CPU limits can create throttling, not fairness

CPU in Kubernetes is compressible. A container that wants more CPU than its request can use spare CPU if available. A CPU limit changes that behavior by enforcing a ceiling. When the container reaches the limit, it may be throttled.

For request-response services, CPU throttling often appears as higher p95 or p99 latency rather than obvious CPU saturation. The application may look underutilized on average, while users experience slow responses during short bursts.

A simplified comparison helps clarify the trade-off:

Configuration

Scheduling behavior

Runtime behavior

Cost profile

Operational risk

No requests, no limits

Weak placement signal

Can burst, weak protection

Unpredictable

Noisy neighbor risk, poor autoscaling input

Requests only

Predictable reservation

Can burst when capacity exists

Usually more efficient

Requires node-level capacity discipline

Requests plus CPU limits

Predictable reservation

Throttles above limit

Can cap noisy workloads

Latency risk for bursty services

Requests plus memory limits

Predictable reservation

Kills container above limit

Controls memory growth

OOMKilled if limit is too low

CPU limits are useful for batch jobs, untrusted workloads, or services that must not consume excess shared capacity. They are more questionable for latency-sensitive APIs where brief bursts are normal and healthy.

Memory limits are failure boundaries

Memory is not compressible in the same way as CPU. When a container exceeds its memory limit, it can be terminated. That is where OOMKilled enters the incident report.

A memory limit should not be set at the average memory usage. It must account for:

  • application startup spikes

  • cache warm-up

  • traffic bursts

  • request body size

  • runtime overhead

  • background workers

  • garbage collection behavior

  • memory fragmentation

  • connection pools

For example, a JVM, Node.js process, PHP worker pool, or Go service can all have different memory profiles under the same traffic pattern.
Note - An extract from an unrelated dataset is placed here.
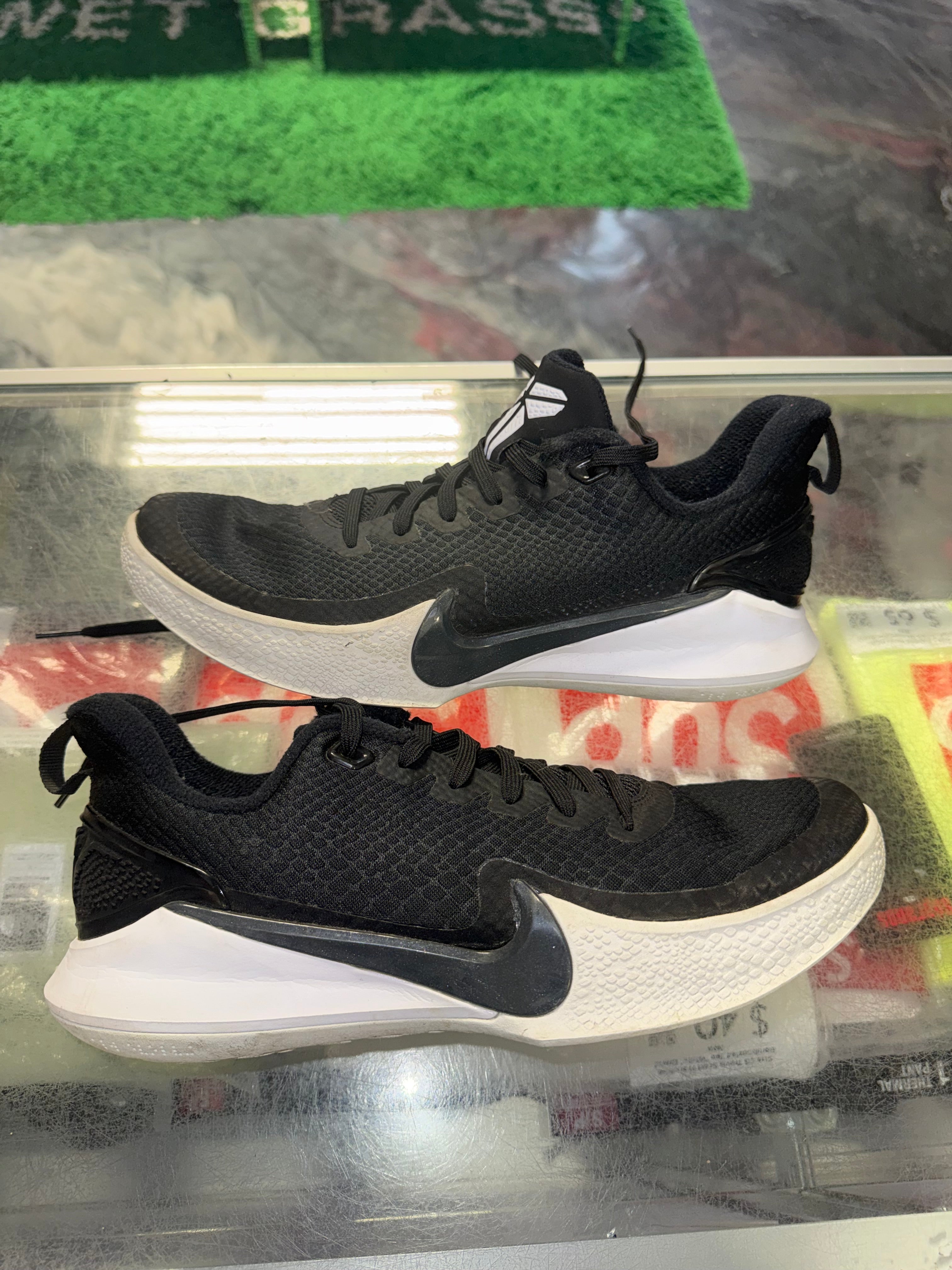 Size 8.5 Kobe AD Black White - NB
The right limit depends on process behavior, not just language or framework.

A useful debugging loop starts with direct observation:

kubectl get pods -n production
kubectl describe pod api-7f9c8d8f6b-mx42p -n production
kubectl top pod api-7f9c8d8f6b-mx42p -n production

Look for restart count, last termination reason, memory usage close to the configured limit, and whether the kill happens during startup, traffic spikes, deployments, or background jobs.
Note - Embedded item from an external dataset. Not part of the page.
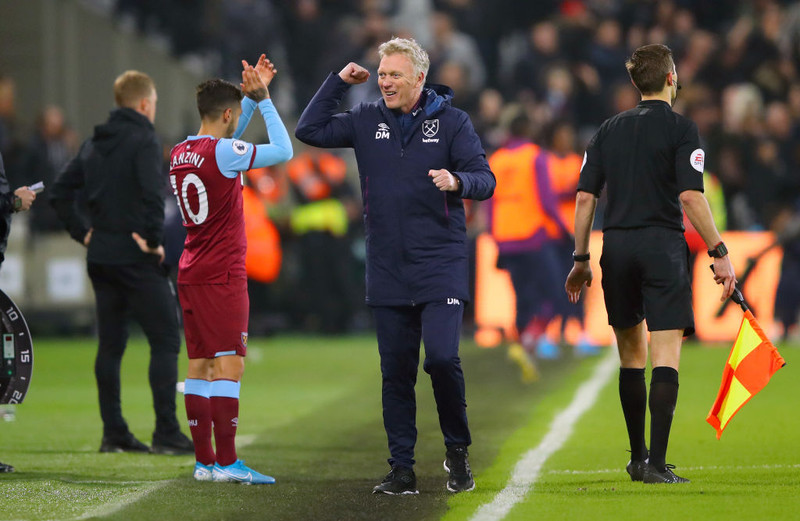 Fagnar Moyes svona á morgun?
If a pod is repeatedly OOMKilled, raising the memory limit may be necessary, but it is not the whole fix. You also need to identify whether the workload has normal growth, a leak, a bad cache policy, oversized request handling, or too much concurrency per pod.

Autoscaling depends on sane requests

Horizontal Pod Autoscaler behavior depends heavily on resource requests when scaling on CPU utilization. If requests are too low, utilization appears high and the workload may scale aggressively. If requests are too high, utilization appears low and scaling may lag.

A service with a 1000m CPU request using 250m CPU shows about 25 percent CPU utilization. The same service with a 250m request shows about 100 percent. The application did not change, but the autoscaling signal did.

A basic HPA configuration may look clean:

apiVersion: autoscaling/v2
kind: HorizontalPodAutoscaler
metadata:
  name: api
spec:
  scaleTargetRef:
    apiVersion: apps/v1
    kind: Deployment
    name: api
  minReplicas: 3
  maxReplicas: 20
  metrics:
    - type: Resource
      resource:
        name: cpu
        target:
          type: Utilization
          averageUtilization: 70

This works only if the CPU request is a meaningful baseline. Otherwise, the HPA is scaling against a distorted denominator.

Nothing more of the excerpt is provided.